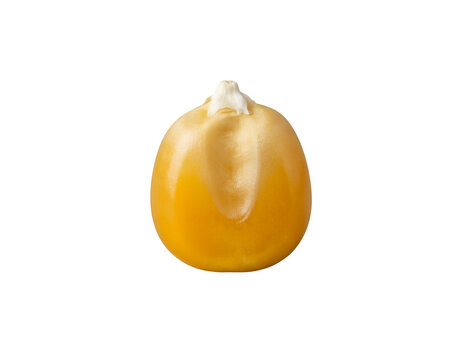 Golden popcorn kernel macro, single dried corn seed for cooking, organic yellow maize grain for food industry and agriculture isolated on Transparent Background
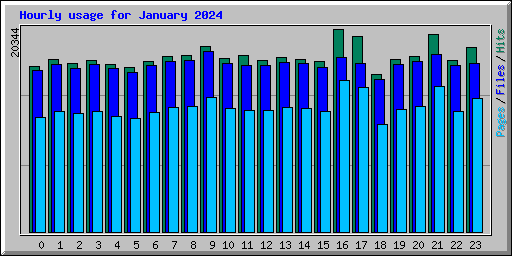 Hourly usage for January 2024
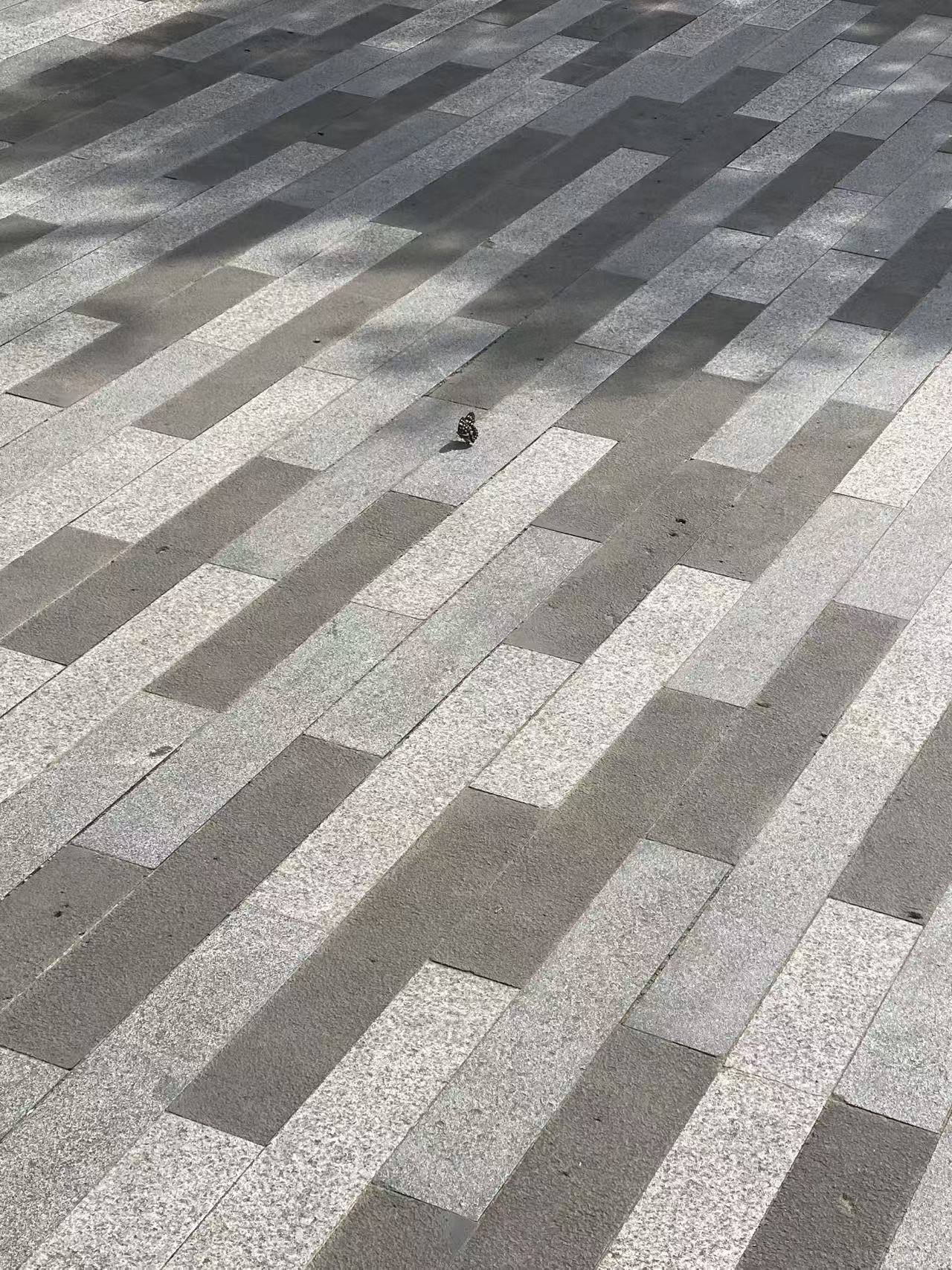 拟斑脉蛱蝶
........
Each line above must be repeated exactly in the answer, with pictures omitted.

 Golden popcorn kernel macro, single dried corn seed for cooking, organic yellow maize grain for food industry and agriculture isolated on Transparent Background
 Hourly usage for January 2024
 拟斑脉蛱蝶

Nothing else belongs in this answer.